Elle se voit contrainte de couper court à ses propos, ses yeux s'écarquillant d'effroi à la vue de quelque chose derrière moi.

  • Ce n'est pas nous qui sommes responsables de tout ça, s'exclame t-elle avant de prendre la fuite, me désignant les hommes blessés au sol.

J'ouvre la bouche pour répondre, avant de sentir un coup contre ma nuque, assez fort pour me priver d'air quelques secondes. Un laps de temps infiniment court, mais permettant tout de même à mon agresseur de m'enfoncer une aiguille derrière l'oreille.

  • Pogbal !

La voix du colonel Rivet au loin me parvient distendue et éteinte, à la façon d'un son que l'on écouterait dans un talki-walki aux piles presque mortes.

J'ai le temps de tourner la tête, pour tomber nez à nez avec un homme cagoulé, les mains gantées, tenant une seringue désormais vide.

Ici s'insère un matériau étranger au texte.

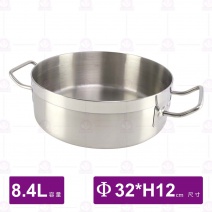 ST複合底雙耳矮湯鍋(04款)(附蓋)-Φ32xH12cm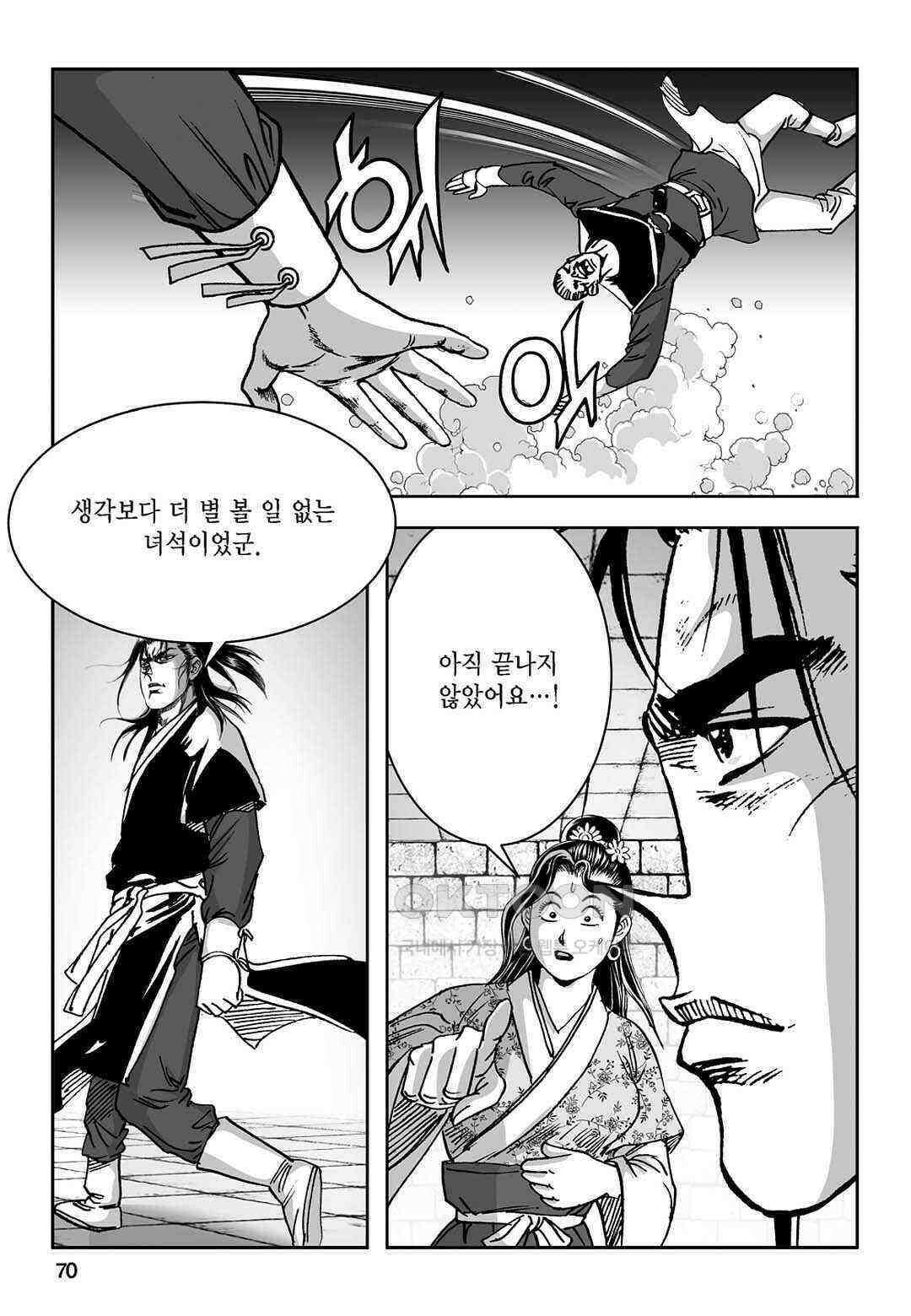 황성 질풍가도 컬렉션 염제 72화 11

Lors d'une manifestation, si on vient seulement défendre ses idées et ses valeurs, on le fait à visage découvert. Se cagouler signifie que tôt ou tard, on agira de telle sorte que par la suite, les gens pourront nous reprocher des choses.

Cette gamine m'a parlé de ceux contre les Reborn car les prenant pour responsables de la répression armée du gouvernement.

Depuis tout ce temps, la justice s'en prend aux mauvaises personnes. On attaque ceux défendant les droits des Reborn, car les prenant pour unique responsable du grabuge public. Le combat de base, est celui de la libération Reborn. Forcément que ceux prétextant être contre ne seront pas pris pour cible. Évidemment que ceux préférant se battre pour eux ne seront pas inculpés dans une l'affaire concernant la solidarité et l'entraide.

Je chute en avant, et sens qu'on me rattrape au niveau des cheveux, avant qu'une salve de coups de feu ne parte, et que je chute dans l'inconscience.